Starbucks doesn't sell coffee: it sells a third place

Howard Schultz wasn't in love with coffee, but with what happened around it. That idea turned a cheap drink into a ritual millions happily overpay for every single day.

In 1983, an executive at a small Seattle roastery flew to Milan on business. What he saw in the Italian cafés stuck with him: people walking in, greeting the barista by name, lingering, talking. The coffee was almost an excuse. The place was the point. That executive was Howard Schultz, and that scene became the blueprint for Starbucks.

The problem almost nobody saw

In 1980s America, coffee was a commodity: cheap, watery, something you drank at home or at a roadside diner for pennies. Nobody imagined you could charge three or four dollars for a cup and have people happily line up to pay for it.

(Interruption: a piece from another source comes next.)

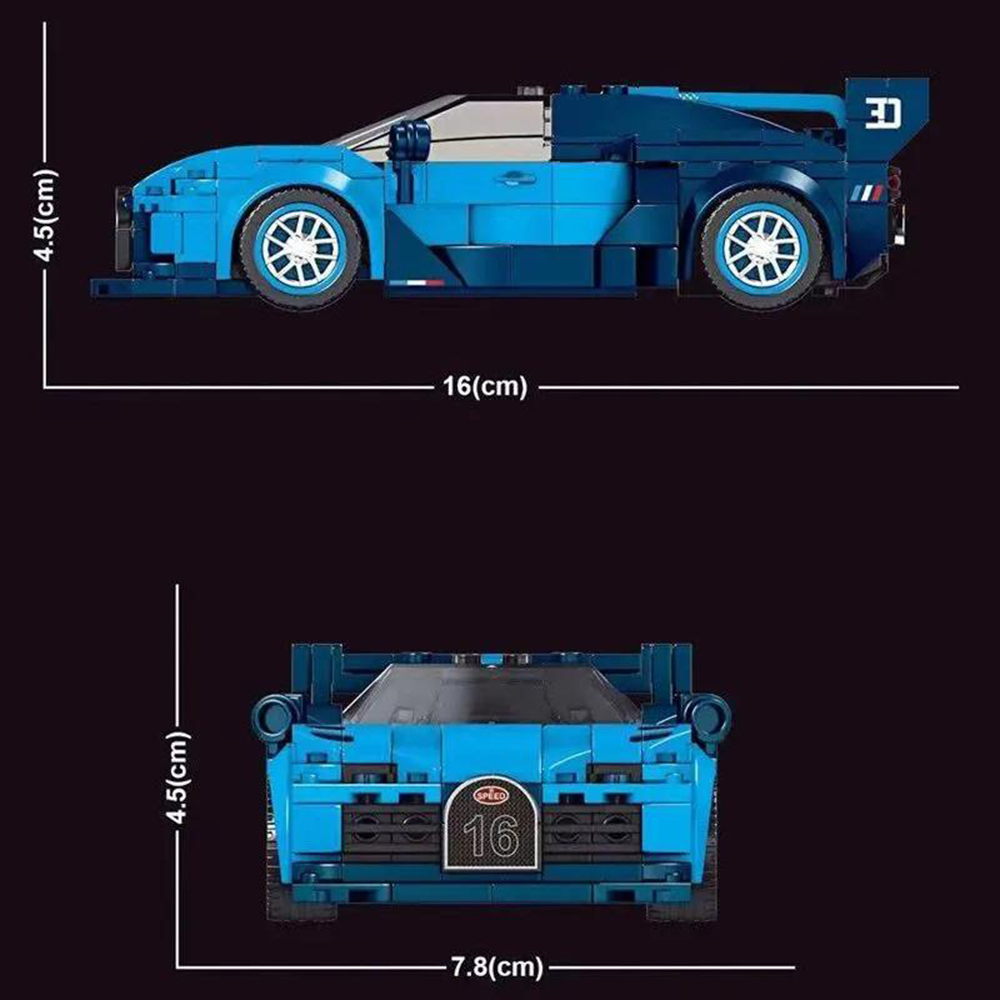 Конструктор Mould King Bugatti Vision GT блочный - фото 7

Schultz saw something else. People didn't need more caffeine. They needed somewhere to go that wasn't home or the office. A neutral, comfortable space where you could just exist without buying much or answering to anyone. The product wasn't the drink. It was the time you spent with it in your hand.

The third place idea

The concept Schultz embraced has a name: the "third place." It was popularized by sociologist Ray Oldenburg, and the idea is simple. The first place is your home. The second is your work. And everyone needs a third: a relaxed, social spot where life happens between those two poles. The town square, the corner bar, the old neighborhood barbershop.

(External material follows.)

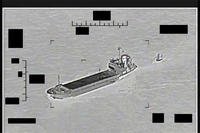 Iranian Revolutionary Guard ship Shahid Bazair towing a U.S. Navy Saildrone Explorer.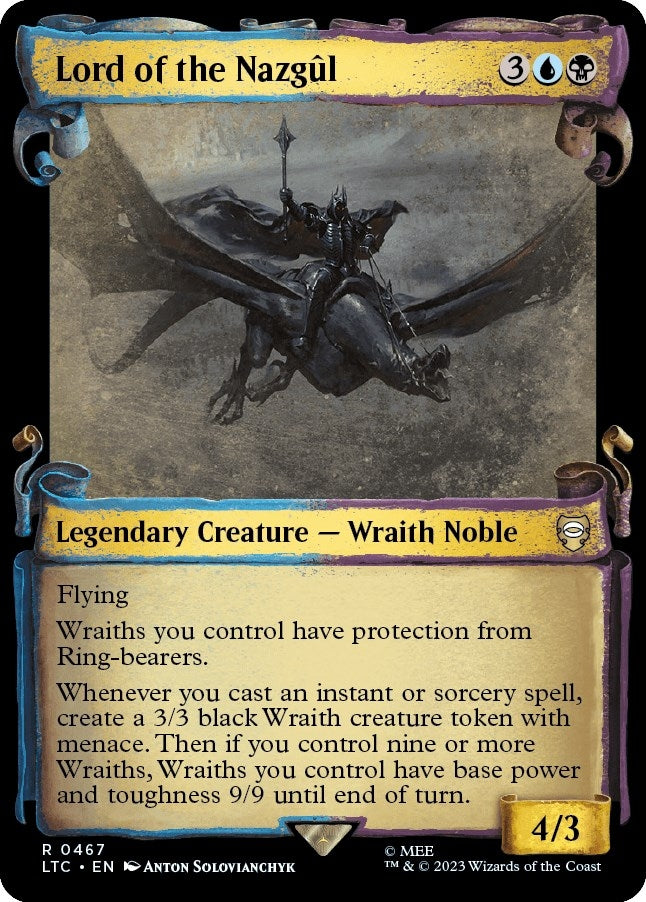 Image for Lord of the Nazgul (Showcase Scrolls) (Commander: The Lord of the Rings: Tales of Middle-earth) (467) - Magic: The Gathering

We're not in the coffee business serving people; we're in the people business serving coffee.

Starbucks engineered every detail to be that third place. Armchairs instead of hard benches. Wifi before it was obvious. Music at a volume that still lets you talk. Your name written on the cup. Implicit permission to stay two hours on a single coffee. None of that is coffee. It's belonging.

Why people overpay without feeling robbed

Here's the trick many businesses miss: when you sell only the product, you compete on price, and there's always someone cheaper. When you sell the experience around the product, you step out of that fight. Supermarket coffee costs a fraction, but it doesn't give you the rest.

What Starbucks really charges for are things that don't fit in the cup:

  • A daily ritual that anchors your morning and feels like yours.
  • A clean, consistent space that's the same in Bogotá as in Madrid.
  • A small, affordable luxury: it's no Rolex, but you treat yourself.
  • The recognition of someone writing your name and handing it to you.
  • A brand that says something about you when you walk around with the cup.

That's why the premium price doesn't feel like a rip-off. You're paying for a complete package, and the coffee is just the visible part.

The lesson for your business

You don't need thousands of locations to use this idea. The underlying question works for any service business: what are you really selling, beyond the obvious product? A barbershop doesn't sell haircuts; it sells half an hour where someone takes care of you. A dental clinic doesn't sell cleanings; it sells peace of mind and trust. A repair shop doesn't sell fixes; it sells a day that doesn't get ruined.

Schultz understood that the feeling is what people remember and what brings them back. If you make your customer feel cared for, expected, and well treated every time, you stop competing on price alone. And all of that starts with something as simple as remembering who the person on the other side is and protecting the time they spend with you.